## Exercise
Once you reach the line with "Senior Caucasian woman", transcribe it and every line after it to the end of the records, exactly, but not the pictures.

***

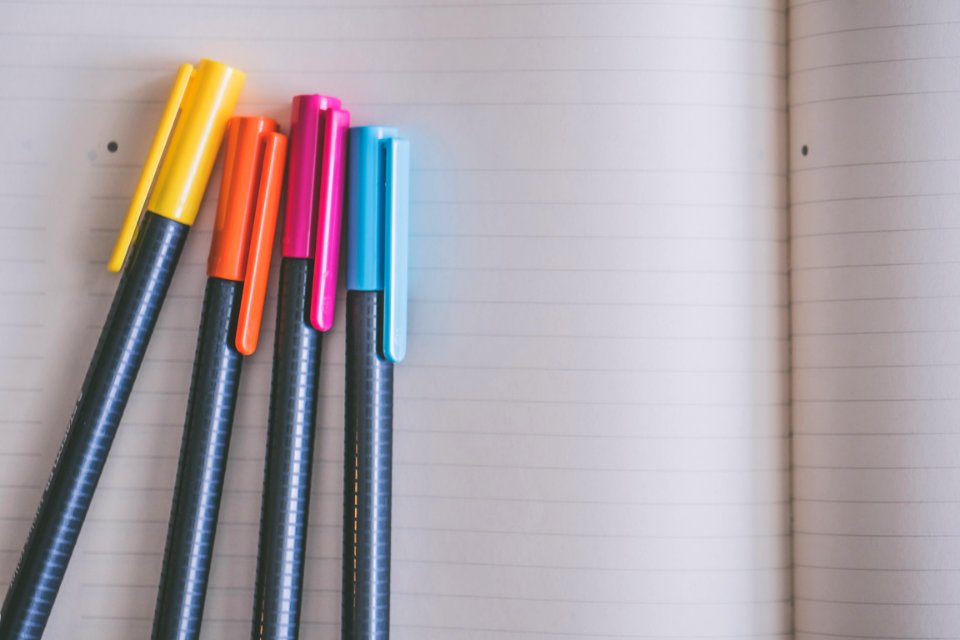 Yellow Orange Pink And Blue Coloring Pens On White Notebook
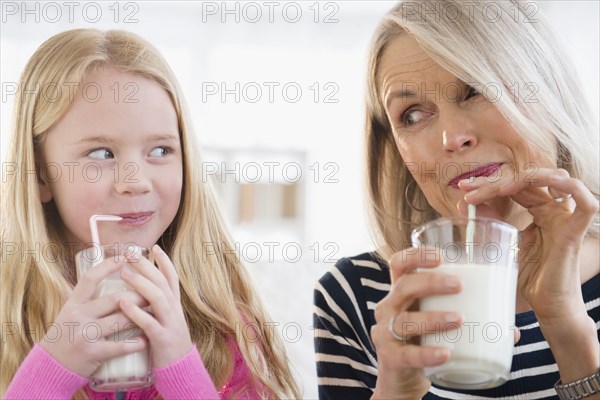 Senior Caucasian woman and granddaughter drinking milk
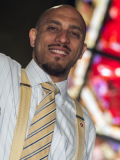 Photograph of man standing in front of a stained glass window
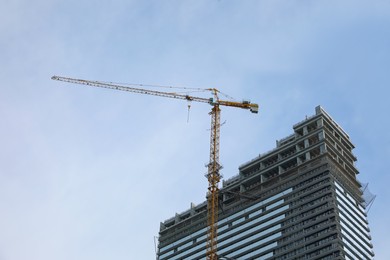 Construction site with tower crane near unfinished building, low angle view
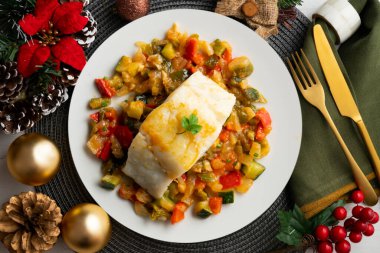 Fırında sebzeli morina geleneksel İspanyol tarifi. Masada Noel süslemeleri var..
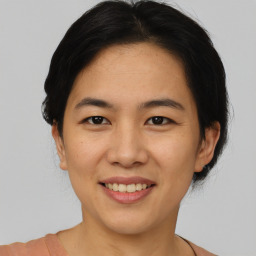 Joyful asian young-adult female with short  brown hair and brown eyes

***

## Result of this exercise
 Senior Caucasian woman and granddaughter drinking milk
 Photograph of man standing in front of a stained glass window
 Construction site with tower crane near unfinished building, low angle view
 Fırında sebzeli morina geleneksel İspanyol tarifi. Masada Noel süslemeleri var..
 Joyful asian young-adult female with short  brown hair and brown eyes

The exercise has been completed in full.